The Rostrum.—From the vine-draped Rostrum many famous speakers have addressed the throngs that visit Gettysburg on Memorial Day
The occasion was solemn, impressive, and grandly historic. The people, it is true, stood apparently spellbound; and the vast throng was hushed and awed into profound silence while Mr. Lincoln delivered his brief speech. But it seemed to him that this silence and attention to his words arose more from the solemnity of the ceremonies and the awful scenes which gave rise to them, than anything he had said. He believed that the speech was a failure. He thought so at the time, and he never referred to it afterwards, in conversation with me, without some expression of unqualified regret that he had not made the speech better in every way.
On the platform from which Mr. Lincoln delivered his address, and only a moment after it was concluded, Mr. Seward turned to Mr. Everett and asked him what he thought of the President’s speech. Mr. Everett replied, “It is not what I expected from him. I am disappointed.” Then in his turn Mr. Everett asked, “What do you think of it, Mr. Seward?” The response was, “He has made a failure, and I am sorry for it. His speech is not equal to him.” Mr. Seward then turned to me and asked, “Mr. Marshal, what do you think of it?” I answered, “I am sorry to say that it does not impress me as one of his great speeches.”

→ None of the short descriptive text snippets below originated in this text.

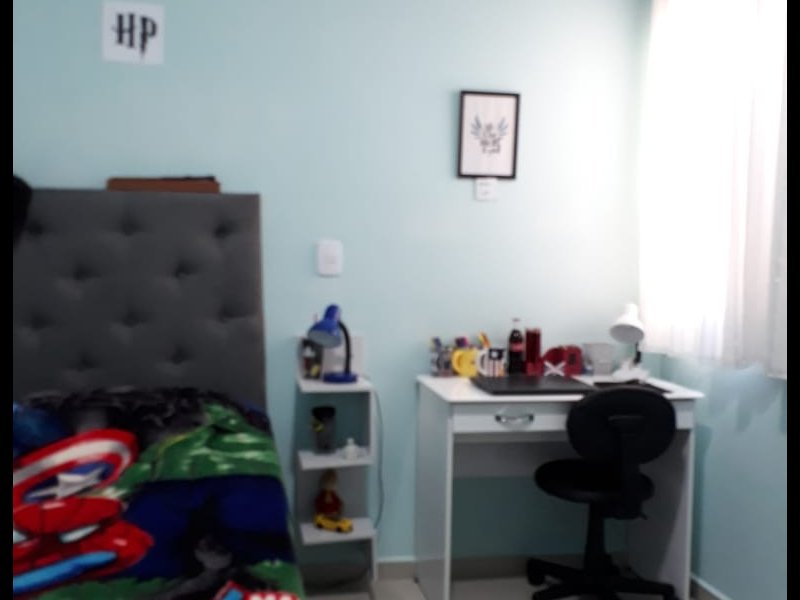 Casa à venda Vila Medeiros com 102m² e 3 quartos por R$ 577.000 - 1826324837-0ae2e69e-14d6-4e17-9c9a-fa769f1d6951.jpeg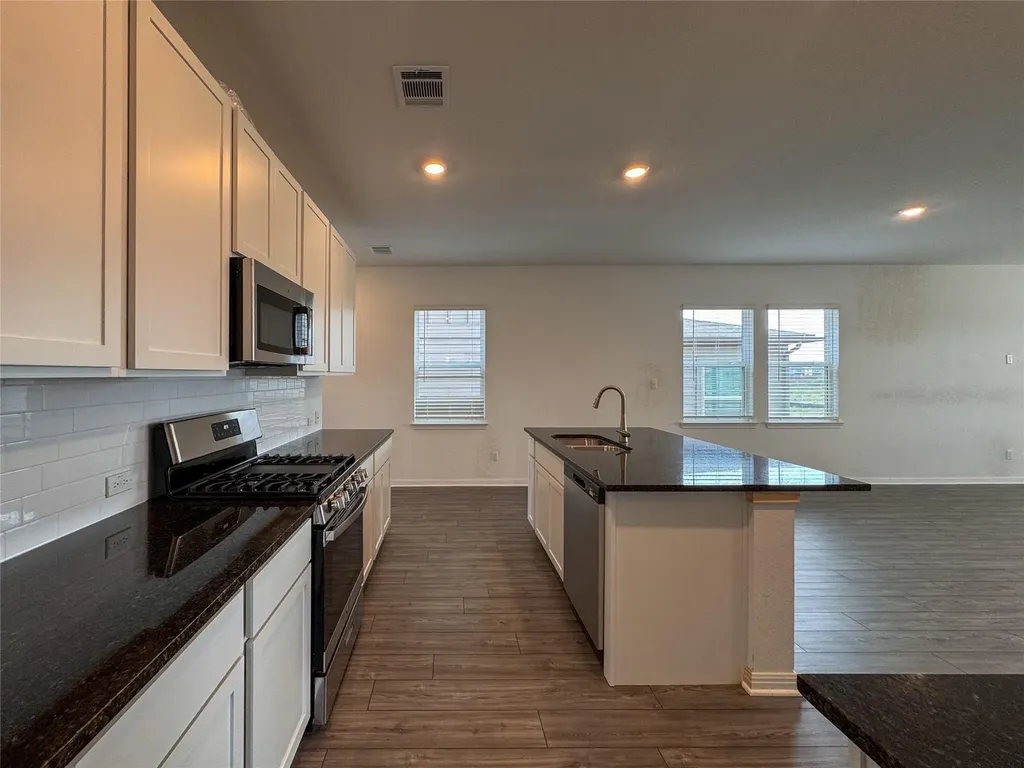 150 Bayou Mint Boulevard Buda TX 78610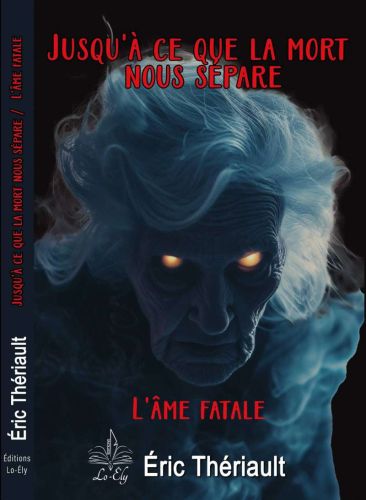 Jusqu'à ce que la mort nous sépare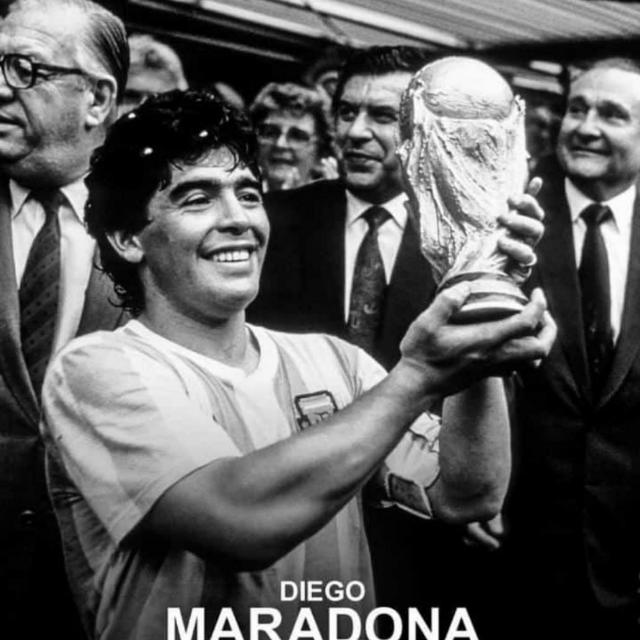 ✰᯾???? ???? ℍ?ℙℙ?ℝ?᯾✰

In the face of these facts it has been repeatedly published that this speech was received by the audience with loud demonstrations of approval; that “amid the tears, sobs, and cheers it produced in the excited throng, the orator of the day, Mr. Everett, turned to Lincoln, grasped his hand and exclaimed, ‘I congratulate you on your success!’ adding in a transport of heated enthusiasm, ‘Ah, Mr. President, how gladly would I give my hundred pages to be the author of your twenty lines!’” Nothing of the kind occurred. It is a slander on Mr. Everett, an injustice to Mr. Lincoln, and a falsification of history. Mr. Everett would not have used the words attributed to him, in the face of his own condemnation of the speech uttered a moment before, without subjecting himself to the charge of being a toady and a hypocrite; and he was neither one or the other.
As a matter of fact, the silence during the delivery of the speech, and the lack of hearty demonstrations of approval immediately after its close, were taken by Mr. Lincoln as certain proof that it was not well received. In that opinion we all shared. If any person then present saw, or thought he saw, the marvelous beauties of that wonderful speech, as intelligent men in all lands now see and acknowledge them, his superabundant caution closed his lips and stayed his pen. Mr. Lincoln said to me after our return to Washington, “I tell you, Hill, that speech fell on the audience like a wet blanket. I am distressed about it. I ought to have prepared it with more care.” Such continued to be his opinion of that most wonderful of all his platform addresses up to the time of his death.
HARVEST
Only the seasons and the years invade
These quiet wheatfields where the Armies crashed.
And mockingbirds and quail fly unafraid
Within the forest where the rifles flashed.